Due to gravitational force, the chondrocytes in the defect cavity show sedimentation after 5-10 min and optimal chondrocyte adhesion to the subchondral bone surface and cartilage surfaces was obtained after 30-60min.
After final chondrocyte adhesion, the scope (318) and the catheter (312) were slowly removed from the joint and the three portals (116) were closed.
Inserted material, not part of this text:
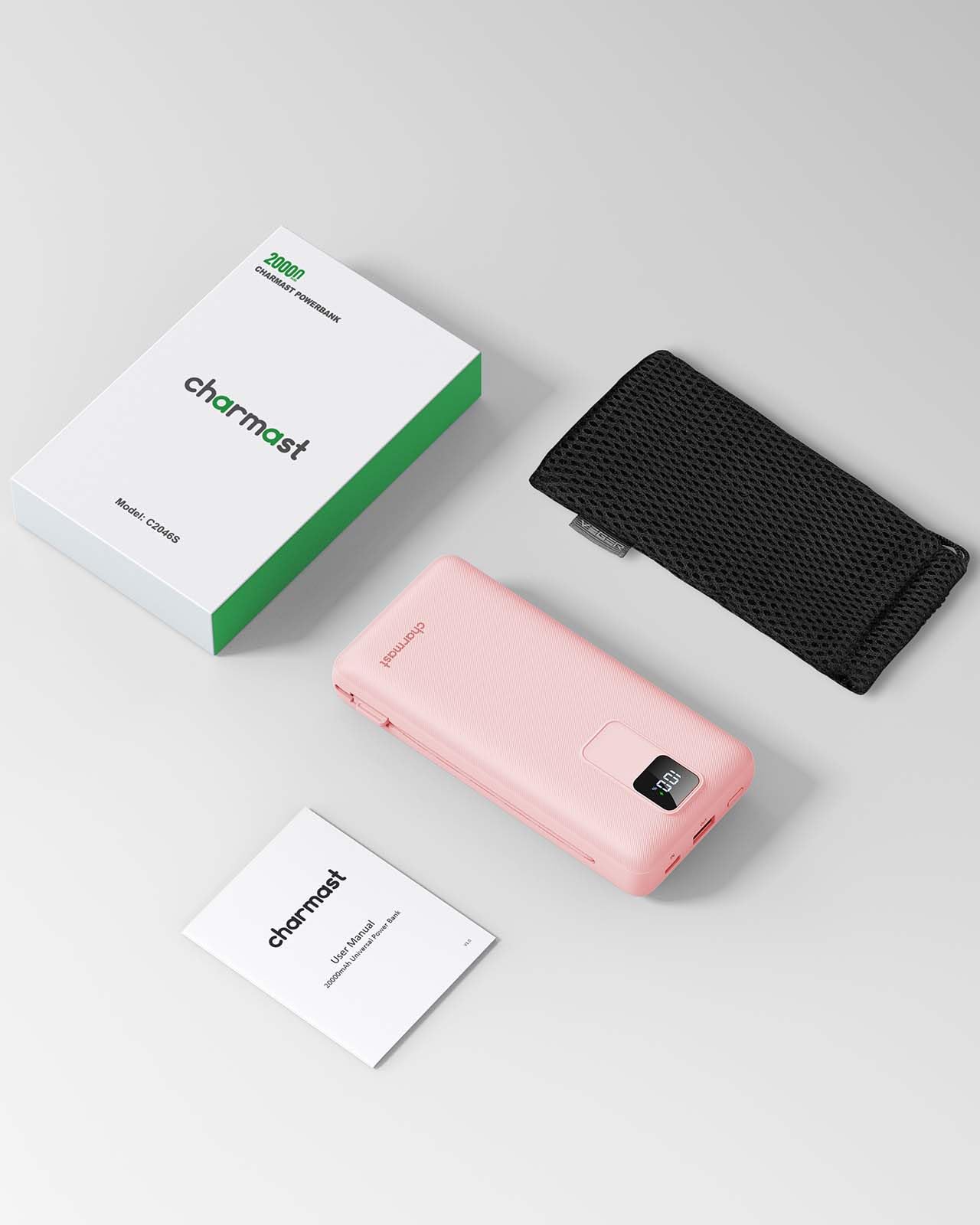 Charmast 20000mAh Portable Charger with Built-in Cables & Wall Plug - 20W Fast Charging Power Bank for iPhone 16/15/14/13, Samsung, Google, iPad - Perfect for Travel, Camping & Emergency Power Backup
Example 2 In vitro study of chondrocyte sedimentation and adhesion to a full-thickness articular defect, in the porcine femoral condyle
Porcine left hind limbs from "healthy" one-year-old pigs were obtained from a local slaughter-house (Steff Houlberg/Danisco, Ringsted, Denmark). In the laboratory, the femoral condyles (718) were "amputated" from the exposed knees with a saw and a scalpel. An amputated condyle is shown in fig.7 (718). The femoral condyles obtained by this procedure were used in the following experiment, 3 hours after the pigs were slaughtered.
Porcine chondrocytes were cultured according to the explant cell culturing method described in example 1. In short, 10x106 porcine chondrocytes were harvested from a 75 cm2 culture flask with 0,25%trypsin/EDTA and re-suspended in a Cell Adhesion Buffer" (1ml) as described in example 1.
The chondrocyte suspension containing 10x106 chondrocytes/ml was carefully loaded into a 1 ml syringe with a 16 Gauge needle. The syringe was placed into a 37°C incubator supported with 5% CO2 prior to in vitro implantation.
Prior to in vitro chondrocyte implantation, a 1 cm2 full-thickness cartilage defect (710), measuring about 0,75cm x 1 ,35cm, was created in the middle of the medial and lateral femoral condyles using a sterile scalpel (fig.7).
The full-thickness cartilage defects (710) were made perpendicular to the cartilage surface and all cartilage was removed towards the subchondral bone plate (712, fig.7).
The femoral condyles were washed in DMEM/F12 medium and transferred into sterile petri dishes (714) containing DMEM/F12 medium with 10% porcine serum (716). The
petri dishes (with lid on) were then transferred into a 37°C incubator supported with 5% CO2. The femoral condyles with the defect area pointing upwards and parallel to the table were equilibrated in the incubator for 1 hour. These conditions were selected in order to imitate physiological conditions.
After equilibration, the medium in the petri dish was removed and 0,3 ml (0,3 ml x 10x106 chondrocytes/ml = 3 x 106 chondrocytes/cm2) of re-suspended chondrocytes were loaded into the defect, in the incubator.
The petri dish was incubated for 1 hour at 37°C in order to obtain sedimentation and adherence of the chondrocytes into the defect cavity. After 1 hour of incubation, the femoral condyles loaded with explant-cultured chondrocytes were washed several times in the petri dish with 37°C Cell Adhesion Buffer in order to remove "non-binding" chondrocytes in the defect cavity.
After this procedure, the femoral condyles were further washed in a second system. In this system, each femoral condyle was transferred into separate 50 ml Falcon tubes filled with DMEM/F12 medium containing 10% porcine serum. The filled tubes were anchored to a horizontal shaker in the CO2 incubator and set to "level 1" for 60 minutes.
After "final washing" at 37°C, the supernatant was removed and the number of chondrocytes adhering to the defect was counted in the microscope by adding 0.3 ml of 0.25% trypsin/EDTA for 5 min to the defect cavity.
Results showed that an average number of 1x106 chondrocytes pr cm2 full-thickness defect was obtained after harvesting chondrocytes from several 1cm2 defect cavities, in order to release the cells.